• **Exercise aim**:
In the entries below, which lines run from the one containing "PULL EN MAILLE AVEC LISERÉS CONTRASTE" to the one containing "Shoes white and blues color for men size 8‎"? Copy exactly those lines, ends included, and no others.

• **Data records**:
|---|

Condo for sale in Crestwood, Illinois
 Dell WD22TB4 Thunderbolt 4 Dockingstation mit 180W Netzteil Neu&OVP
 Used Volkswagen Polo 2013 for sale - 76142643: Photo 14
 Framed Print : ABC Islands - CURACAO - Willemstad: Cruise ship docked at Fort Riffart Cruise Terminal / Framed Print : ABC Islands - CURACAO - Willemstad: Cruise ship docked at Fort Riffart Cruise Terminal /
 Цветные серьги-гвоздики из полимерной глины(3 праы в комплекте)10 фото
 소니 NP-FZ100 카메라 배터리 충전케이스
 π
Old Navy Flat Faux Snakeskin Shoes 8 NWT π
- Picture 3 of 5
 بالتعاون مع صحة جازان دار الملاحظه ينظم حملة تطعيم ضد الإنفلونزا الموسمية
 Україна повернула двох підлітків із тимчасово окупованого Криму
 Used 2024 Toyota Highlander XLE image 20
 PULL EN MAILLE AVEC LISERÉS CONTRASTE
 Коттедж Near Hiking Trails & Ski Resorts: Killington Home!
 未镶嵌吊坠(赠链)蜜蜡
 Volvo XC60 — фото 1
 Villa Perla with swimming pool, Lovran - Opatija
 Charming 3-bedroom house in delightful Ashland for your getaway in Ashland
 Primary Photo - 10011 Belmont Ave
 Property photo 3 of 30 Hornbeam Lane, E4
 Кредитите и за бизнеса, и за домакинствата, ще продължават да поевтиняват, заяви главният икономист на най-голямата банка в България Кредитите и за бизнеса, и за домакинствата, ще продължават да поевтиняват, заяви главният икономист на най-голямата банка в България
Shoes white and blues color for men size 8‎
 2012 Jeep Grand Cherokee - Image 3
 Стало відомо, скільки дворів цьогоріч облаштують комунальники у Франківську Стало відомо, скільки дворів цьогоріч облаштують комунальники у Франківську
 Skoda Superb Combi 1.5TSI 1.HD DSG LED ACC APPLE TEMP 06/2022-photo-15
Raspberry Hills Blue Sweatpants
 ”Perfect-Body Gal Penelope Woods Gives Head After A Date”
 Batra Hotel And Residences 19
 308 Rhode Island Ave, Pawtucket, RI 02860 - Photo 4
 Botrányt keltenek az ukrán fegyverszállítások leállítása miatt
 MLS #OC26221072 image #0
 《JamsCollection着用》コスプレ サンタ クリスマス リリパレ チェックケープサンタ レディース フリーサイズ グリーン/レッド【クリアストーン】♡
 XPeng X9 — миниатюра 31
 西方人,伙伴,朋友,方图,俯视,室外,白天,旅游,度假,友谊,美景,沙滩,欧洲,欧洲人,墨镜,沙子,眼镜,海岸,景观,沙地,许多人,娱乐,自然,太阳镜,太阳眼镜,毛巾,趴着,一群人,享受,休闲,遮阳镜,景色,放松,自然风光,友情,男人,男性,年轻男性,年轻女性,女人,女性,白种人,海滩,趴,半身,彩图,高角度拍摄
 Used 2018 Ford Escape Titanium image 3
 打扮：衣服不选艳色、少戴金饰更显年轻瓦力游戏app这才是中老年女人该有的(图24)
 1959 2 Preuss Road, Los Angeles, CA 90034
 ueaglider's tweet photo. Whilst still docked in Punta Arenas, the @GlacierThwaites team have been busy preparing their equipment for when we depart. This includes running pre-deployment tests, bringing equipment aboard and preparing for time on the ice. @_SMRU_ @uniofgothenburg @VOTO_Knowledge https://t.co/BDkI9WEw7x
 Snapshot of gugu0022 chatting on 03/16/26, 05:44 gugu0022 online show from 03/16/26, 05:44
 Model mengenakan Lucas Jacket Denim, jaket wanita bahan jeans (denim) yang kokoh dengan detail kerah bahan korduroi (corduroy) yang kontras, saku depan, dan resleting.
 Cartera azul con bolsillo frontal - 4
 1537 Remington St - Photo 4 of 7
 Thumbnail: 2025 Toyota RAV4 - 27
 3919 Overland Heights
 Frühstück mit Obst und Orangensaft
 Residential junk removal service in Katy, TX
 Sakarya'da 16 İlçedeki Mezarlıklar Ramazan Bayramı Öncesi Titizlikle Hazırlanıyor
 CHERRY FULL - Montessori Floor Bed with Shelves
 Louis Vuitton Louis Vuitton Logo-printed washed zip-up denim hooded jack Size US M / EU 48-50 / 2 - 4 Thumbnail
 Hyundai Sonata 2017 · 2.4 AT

|---|

• **Task response**:
 PULL EN MAILLE AVEC LISERÉS CONTRASTE
 Коттедж Near Hiking Trails & Ski Resorts: Killington Home!
 未镶嵌吊坠(赠链)蜜蜡
 Volvo XC60 — фото 1
 Villa Perla with swimming pool, Lovran - Opatija
 Charming 3-bedroom house in delightful Ashland for your getaway in Ashland
 Primary Photo - 10011 Belmont Ave
 Property photo 3 of 30 Hornbeam Lane, E4
 Кредитите и за бизнеса, и за домакинствата, ще продължават да поевтиняват, заяви главният икономист на най-голямата банка в България Кредитите и за бизнеса, и за домакинствата, ще продължават да поевтиняват, заяви главният икономист на най-голямата банка в България
Shoes white and blues color for men size 8‎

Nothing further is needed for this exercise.